Angus clenched his teeth. Tried another set of cards, said, “You can have the money. I want my crank. Wanna watch Liz and this Ned guy swim in they own filth. Look, I ride shotgun, give directions while you drive.”
Fu stood, considering. Remembered Angus leading the man he’d dropped with two punches back to the bar. The way he’d carried himself. He’d some hint of reverence. Fu asked, “So, you will tell me where to drive? And we will get the money from your sister?”
Angus said, “Yeah, they’s a ways off the beaten path. No offense, I tell you where they is, you get lost in the sticks, the sticks people ain’t none too fond of giving your kind directions.”
Fu considered this. Didn’t need trouble. If he killed Angus now, Mr. Zhong might have to wait even longer than he already had. Mr. Zhong was twenty grand in the hole from Eldon. Wanted his money now. Fu nodded. Stepped to Angus. A grunt erupted from one of the suspended leather bags. Fu stopped and turned in one motion and said, “Quiet!”
His voice bounced in the concrete room. The grunt turned to panting. The leather bag started to flail and expand violently. Angus’s eyes bugged. His heart sped up. Fu approached the bag. Quick as the wind, he struck the bag with a right palm. A left elbow. The bag bent and jerked. The noise ceased. A spot formed on the bottom. Darkened the leather. Began to drip onto the gray tiled floor along with the faint sound of crying.

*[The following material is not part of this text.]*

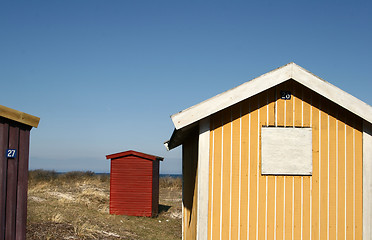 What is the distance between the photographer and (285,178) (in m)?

Fu laughed, explained to Angus, “Students.”
He grabbed another needle from the dish. Calm as a clear blue sky. Stepped toward Angus and slid behind him. Angus tried to tense his body but was devoid of feeling.
Fu thought about the obsidian butterfly knife in his pocket. Glanced at the braided scalp of Angus. Imagined the blade parting Angus’s throat halfway. Methodical and slow. Taking away his air. Watching the blood bubble and seep. Watching Angus cough, fight for air.